Liz rides the subway on October 4, 2016: social media, differing political views, and friendship

Liz rides the subway is a series containing thoughts I have on the subway. On the 3 and B trains home:

I came across this Good Guy Boss meme on Facebook yesterday:

Good Guy Boss: I will respect you regardless of who you support in this election. I don't unfriend people due to political views. That degrades democracy and free thinking.

I will respect you regardless of who you support in this election.

I don't unfriend people due to political views. That degrades democracy and free thinking.

There is a big difference between respecting someone as a person and being friends with them. Memes like this deceptively conflate those two things because it's reprehensible to not respect someone as a person. People post these memes because they want you to believe unfriending someone is the same reprehensible act.

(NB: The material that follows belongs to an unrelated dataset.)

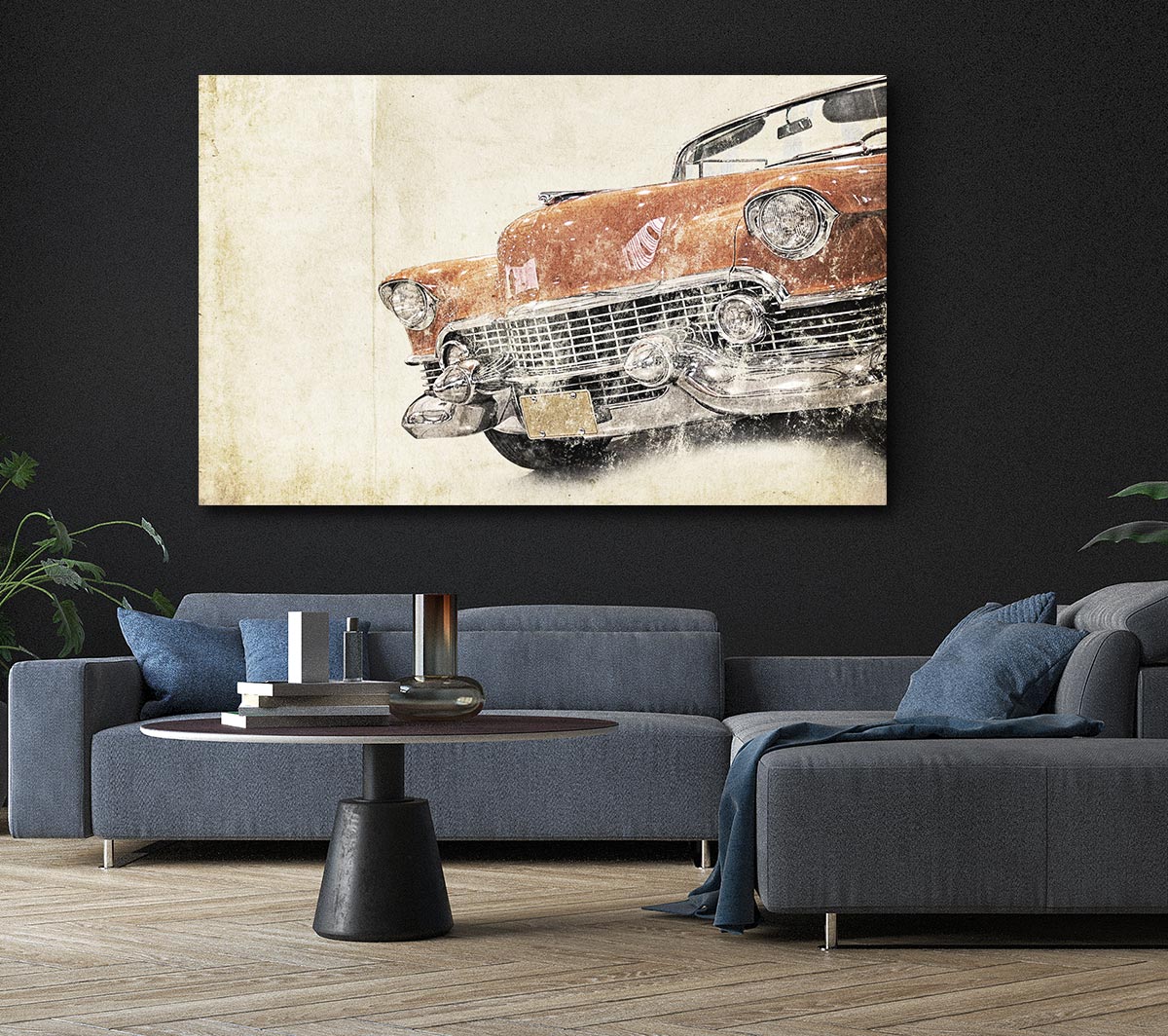 A vibrant watercolour painting of an American muscle car, mounted on a sturdy box frame, ready to hang on the wall.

But it's not. Friendship is more than respecting someone as a human being. Friendship requires trust. Friendship requires active effort.

Political views are not theoretical or arbitrary like what someone's favorite sports team is - they have meaningful consequences for my friends and me. Many political views that disagree with mine fundamentally imply their holder doesn't see me or many of my friends and family as human beings intrinsically deserving of rights and respect. I just don't know how to trust people whose views fundamentally disrespect me as a human because I don't feel safe. I don't know how to put the effort into staying close with people I can't trust.

Unsurprisingly, most of the time I see these memes in my feed, they come from dudes, usually cishet white dudes. There's a great post on tumblr about how it's easier for cishet white dudes to be friends with people who disagree with their political ideas:

White dudes have this thing where they believe your best friend in the world can have opposing political ideas. You're supposed to be able to have healthy debate and disagreeing shouldn't harm your friendship. That's gross and stupid. Its really easy to say that when all your disagreements are theoretical. Its easy to say when none of the laws passed actually effect your life. Fighting with your best friend about corporate regulations, school charters, educational funding, abortion, health care, voting restrictions, drug laws, taxes and all sorts of stuff is cool and lively because none of it is going to actually leave you in a bad spot. Its different for the rest of us.

If someone's opposing political views were truly, solely theoretical for everyone, maybe I'd be able to trust them enough to be friends with them.

Sometimes, when I tell people this, they bark back that friendship on social media and "in person, pre-social media friendship" aren't the same. I'm inclined to agree, but that still doesn't mean someone deserves to be my "friend" on social media. People I am "friends" with on social media and don't block take up space in my feeds and time in my day, and I have every right to curate this to take care of myself by keeping out hateful disrespect. I still read multiple, ideologically different, non-social media news sources, so the argument that I'm living in a bubble doesn't hold a lot of water in my mind.

Besides, comparing being friends or following on social media to in person friendships generally confuses me because it's not clear exactly what constitutes friendship. I casually call basically everyone I know a "friend" when talking about them with someone else I know, whether or not I spill my secrets to them, but if I don't share any of my private thoughts with them, I probably consider them an "acquaintance" in my mind. The word "friend" has become so overloaded that it's practically lost its value - it's no wonder that it's an even more complicated concept online.